Some university students choose their major to satisfy an intellectual itch or improve their career prospects, but for others it’s out of a simple desire to understand the world. That appears to be the case with Horigai (Yui Sakuma), a garrulous 22-year-old virgin who’s always saying the wrong thing at the wrong time, and seems incapable of understanding what makes people tick.

“You’re ignorant about others … zero imagination,” jeers a fellow student, not inaccurately, on learning that Horigai has landed a job as a child welfare caseworker. Naturally, she’s a sociology major.

Ryohei Yoshino’s “Eternally Younger Than Those Idiots” follows this red-haired naif through a belated coming of age, facilitated by her relationships with people whose problems and emotional baggage are weightier than her own.

Eternally Younger Than Those Idiots (Kimi wa Eien ni Soitsu-ra Yori Wakai )
Run Time 118 mins.
Language Japanese
Opens Now showing

The most significant of these is with Inogi (the single-named Nao), a mousy philosophy student with a mischievous sense of humor and a troubled past. (As is often the case with Japanese college students, the characters address each other solely by family name.) With her loose, flowing hair and ever-present wooly hat, she looks like an archetypal hipster — but first impressions, as the film continually reminds us, can be deceptive.

Inogi isn’t the only one with surprises in store for Horigai. A friend-of-a-friend at a university party draws her attention, but the next time she hears about him, he’s died. A coworker from her part-time job unburdens his dating woes in a karaoke booth, and ends up leaving very little to the imagination.

The latter scene drew the biggest laughs when the movie was screened at last year’s Tokyo International Film Festival, but Yoshino stages it with surprising sincerity. There’s an earnestness pervading the film, as its protagonist careens from comic encounters to brushes with much darker subject matter.

The not-quite-adulthood of university life is clearly an interest for Yoshino, who also made the more pastel-tinged “Spring Has Come” (2017). Horigai — like the people around her — seems to be figuring out how much she can reasonably expect from life.

The film’s eagerness to share its insights on that topic can get a bit overbearing, and the (admittedly lovely) soundtrack by Hisaki Kato often suggests something more magical than what’s happening onscreen. This is particularly true of the closing stretch, which seems to cycle through multiple endings without quite managing to explain how Horigai reaches her final epiphany.

Perhaps her awakening is more clearly rendered in the film’s source, a novel of the same title by Kikuko Tsumura. Yoshino’s screenplay strips out many of the minor characters, but still succumbs to some of the typical failings of book-to-film adaptations: an over-reliance on voiceovers, literary dialogue and the nagging sense of a story that’s overstretching itself.

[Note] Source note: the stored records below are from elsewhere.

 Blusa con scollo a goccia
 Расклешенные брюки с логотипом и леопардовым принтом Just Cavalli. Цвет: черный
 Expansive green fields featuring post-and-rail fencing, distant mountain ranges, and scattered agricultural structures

Sakuma carries the whole thing even when it isn’t quite working, turning Horigai’s cute eccentricities into a convincing whole. She clearly has a talent for making awkward and imperfect characters relatable, and brings unexpected depth to what could have been a one-dimensional role.

If you’re inclined to forgive its missteps, the film as a whole is doing something similar. It’s a feature-length plea for empathy, and even its messiness has a ring of authenticity to it. Life, too, doesn’t always provide easy answers, whatever your major.